### The problem
Below are lines of data, and only some are wanted. Please repeat exactly those from the line that has "Tejasvi Black Handblock Linen Saree - TARA" through the line that has "Boucles d’oreilles dentelle oranges pâles".

======== The input

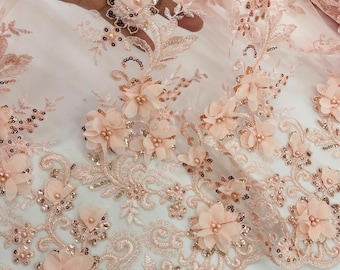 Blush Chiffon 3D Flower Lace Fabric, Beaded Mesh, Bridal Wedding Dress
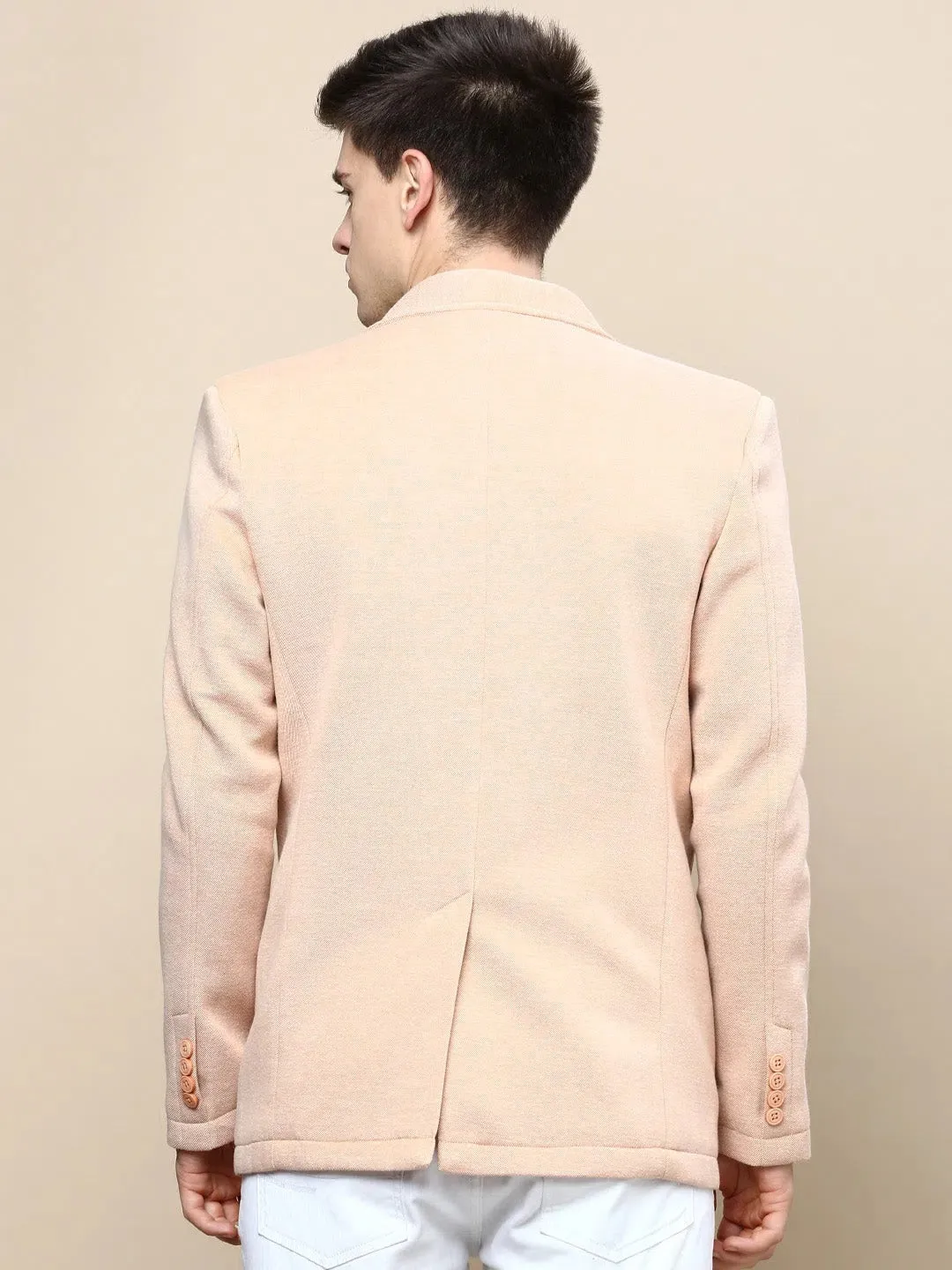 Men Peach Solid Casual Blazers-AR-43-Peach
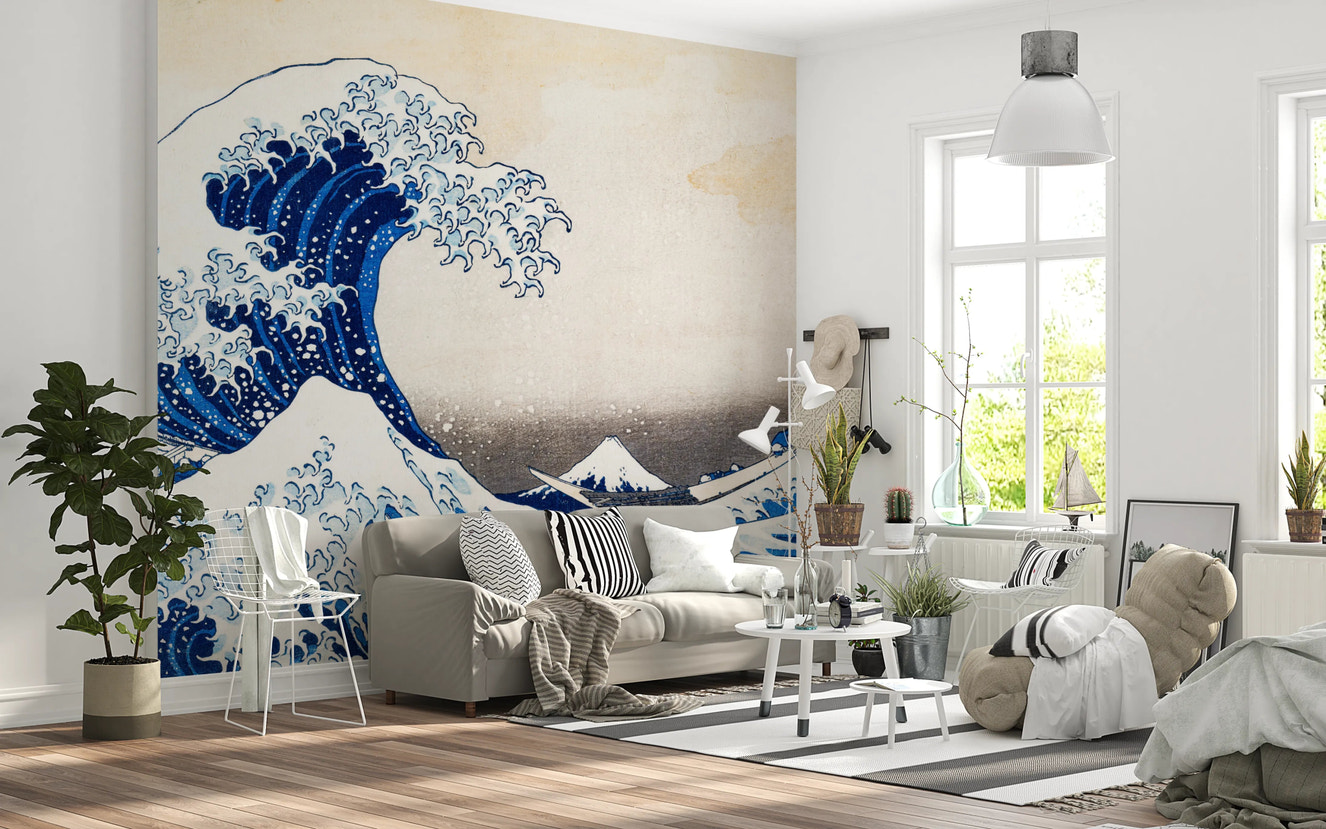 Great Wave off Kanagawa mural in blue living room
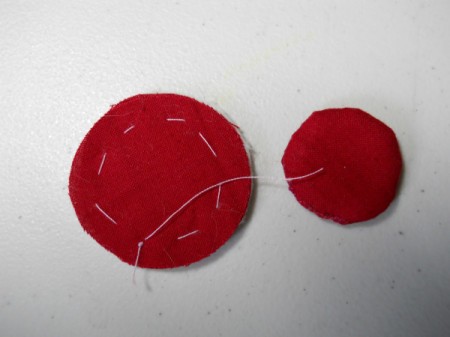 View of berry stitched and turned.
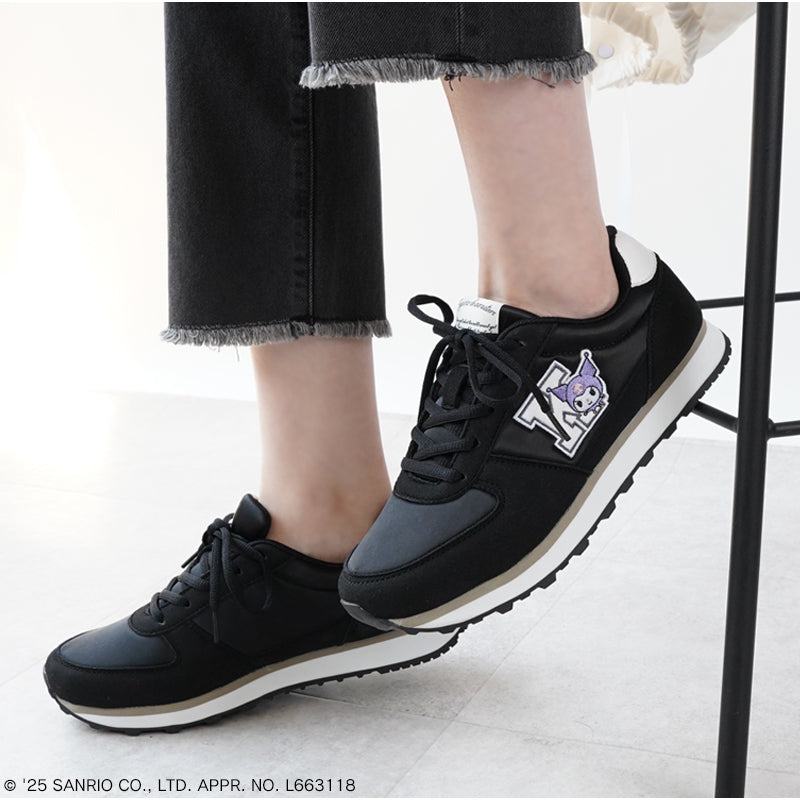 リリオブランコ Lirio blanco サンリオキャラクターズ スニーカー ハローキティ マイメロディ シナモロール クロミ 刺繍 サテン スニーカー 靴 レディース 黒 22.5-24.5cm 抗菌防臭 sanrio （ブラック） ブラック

================
======== The input

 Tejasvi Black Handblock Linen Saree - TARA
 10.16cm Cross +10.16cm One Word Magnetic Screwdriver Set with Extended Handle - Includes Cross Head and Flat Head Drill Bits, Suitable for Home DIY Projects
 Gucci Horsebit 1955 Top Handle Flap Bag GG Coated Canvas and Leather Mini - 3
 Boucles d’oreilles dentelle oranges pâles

================

### Reply to the task
 Tejasvi Black Handblock Linen Saree - TARA
 10.16cm Cross +10.16cm One Word Magnetic Screwdriver Set with Extended Handle - Includes Cross Head and Flat Head Drill Bits, Suitable for Home DIY Projects
 Gucci Horsebit 1955 Top Handle Flap Bag GG Coated Canvas and Leather Mini - 3
 Boucles d’oreilles dentelle oranges pâles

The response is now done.